Hehehehhe, that just was so funny. And I loved Monsieur Melancolique -- hilarious :D My form tutor is a French teacher so next time he annoys me, I'll just call him that :P
Finally, I loved your characterisation of Gabrielle -- in canon, we see her as a rather immature girl but who is also quite open about her crush on Harry. I liked how you built on that and made her quite forward.
Anyway, onto the next chapter!
Author's Response: Hahaha! Credit for Melancolique goes to Croll. I'm happy to know you enjoyed the chapter and characterisation.
Hmmmm. Natalie, I'm not really sure what to say (in a good way). So, what, Gabby's dead? If so, :( I was growing quite fond of her, and I think you did a great job in depicting how their relationship developed at the beginning.
And I knew somethign was up about the article. there was no way Gabrielle would actually say all of that, but I think would be easy for Krum to not see that.
Okay, I shall continue my spammage in the last chapter because I'm now rambling about nothing, lol.
Author's Response: The article was one of those things which the reader should be dubious about but the character shouldn't; it's good to know it worked. :D I was getting quite fond of writing her. However, I'd always planned for her to die and I had to stick to it. :/
Ahhh, I like the girl :) She's very noble and rather gallant, and I love her character. Granted, I'm still upset that Gabrielle died, but it's also nice to know Krum found love in the end, and that he didn't die.
While I loved the chemistry between Gabrielle and Krum, I somehow don't think it would have worked between them. They were too similar, in some ways, and I think maybe the fact that their relationship would always be in the limelight if they were together might have been something that could have pushed them apart too.
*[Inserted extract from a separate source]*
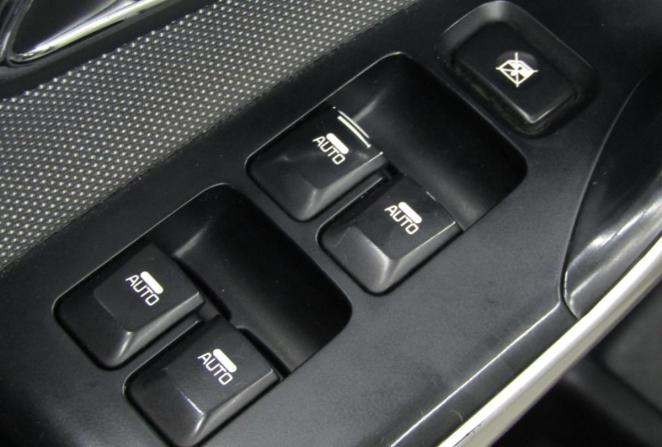 Kia Ceed II с пробегом 2012 года, цена 979 000 рублей, 186908 км, универсал, Автокод Объявления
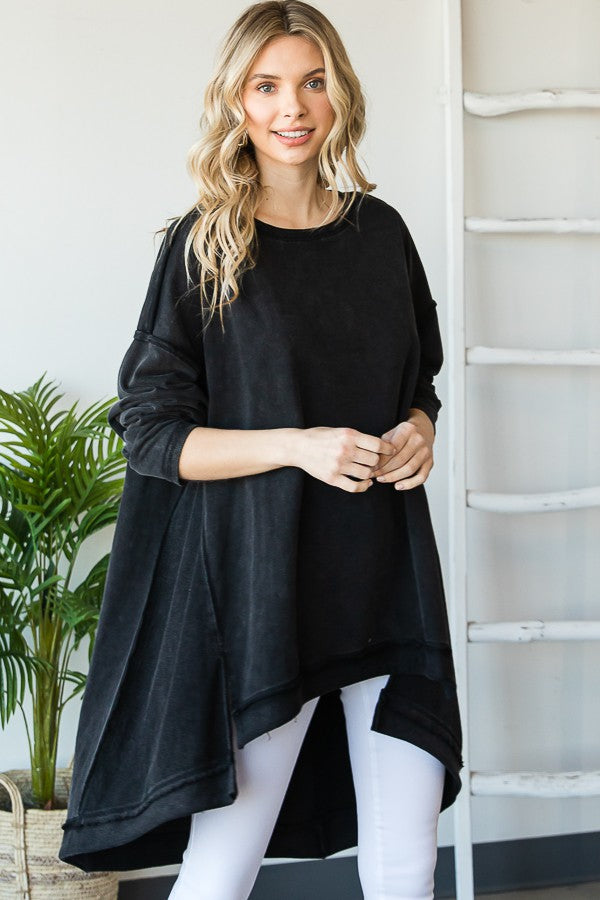 roulhacfashionboutique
Anyway, this is just becoming incoherent mush so I'll stop here. Great story, Nat :D
Author's Response: Ideally, I'd have either drawn out the story and killed Krum in the end or forced myself to let Gabrielle live and separate them after some time. But I am JKR's slave. -sigh- You're right about Krum and Gabrielle's relationship too. There are quite a few factors why it wouldn't have worked out. They spent such a short time together, and Krum is so idealistic, which is why I think he plummeted into depression.